Les endocrinologues et les rhumatologues ont soutenu des modèles de co-gestion pluridisciplinaire, soutenant que les chirurgiens orthopédiques devraient collaborer étroitement avec les spécialistes de l'os lorsqu'un os fragile est détecté avant des interventions programmées. À l'inverse, les administrateurs de services chirurgicaux ont soulevé des contraintes logistiques concernant de potentiels retards dans les plannings de chirurgies programmées, car l'optimisation osseuse métabolique préopératoire peut retarder l'intervention chirurgicale de plusieurs mois le temps que les traitements médicaux fassent effet.
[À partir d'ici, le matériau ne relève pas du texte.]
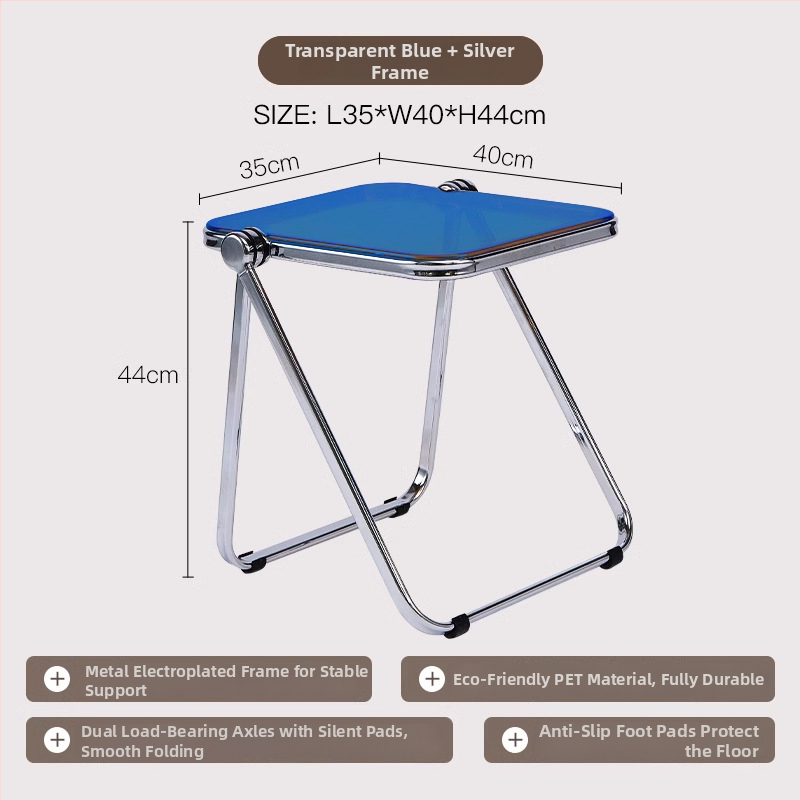 Sulankstomas skaidrus akrilinis šoninis staliukas su metalo rėmu, kvadratiniais kampais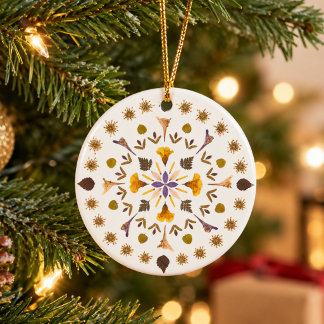 Unique Pressed Flower Mandala Botanical Floral Ceramic Tree Decoration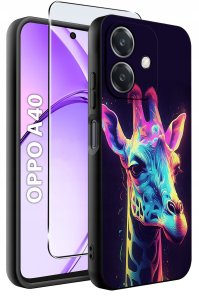Etui do Oppo A40 | A40M | WZORY | SILIKONOWE MATT SZKŁO 9H 2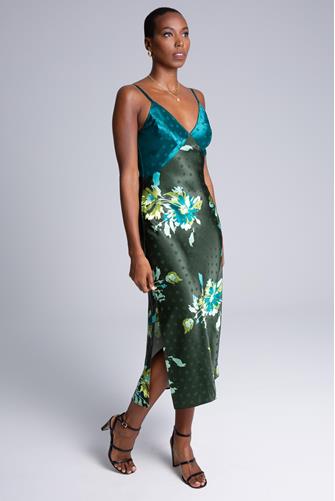 Satin Jacquard Mix Print Slip Dress EVERGREEN FLORAL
## Ce que l'on ne sait pas encore Plusieurs détails spécifiques entourant le commentaire rapporté par Becker's Spine Review restent non vérifiés en raison de la brièveté du texte résumé publié : - L'identité complète, le lieu d'exercice et l'affiliation institutionnelle du médecin cité dans le rapport n'ont pas été précisés dans le résumé disponible. - Le pourcentage précis de chirurgiens orthopédiques qui procèdent actuellement à un dépistage DEXA préopératoire de routine par rapport à ceux qui se fient uniquement au jugement clinique reste non quantifié dans le texte source disponible. - Les paramètres exacts de consensus concernant les caractéristiques démographiques spécifiques des patients devant déclencher automatiquement un examen DEXA préopératoire obligatoire avant un remplacement articulaire restent un sujet de débat clinique continu. - Il n'est pas encore clair si les principaux offreurs d'assurance maladie ou les payeurs publics prévoient de rendre obligatoires les autorisations formelles de densité osseuse comme condition préalable au remboursement des procédures d'arthroplastie articulaire programmée.

## Ce qu'il faut surveiller Dans les mois et années à venir, des indicateurs clés permettront de déterminer si le dépistage préopératoire de la santé osseuse devient une pratique standard au sein de la discipline orthopédique : - Les mises à jour de politiques et les directives de pratique clinique publiées par les principales organisations professionnelles, notamment l'American Academy of Orthopaedic Surgeons et l'American Association of Hip and Knee Surgeons. - Les résultats des essais cliniques évaluant l'efficacité d'un traitement osseux anabolique préopératoire de courte durée (comme le tériparatide ou le romosozumab) pour améliorer l'ostéointégration de l'implant et réduire les taux de révision précoce. - Les taux d'adoption de protocoles formels pluridisciplinaires d'optimisation de la santé osseuse (Bone Health Optimization) au sein des grands centres médicaux universitaires et des réseaux de santé. - Les évolutions potentielles des politiques de couverture d'assurance, notamment si les assureurs commerciaux et Medicare établissent l'évaluation de la densité osseuse comme un critère de qualité obligatoire pour l'autorisation d'une arthroplastie programmée.

Cet article est basé sur des informations publiées par Becker's Spine Review le 2 sept. 2026.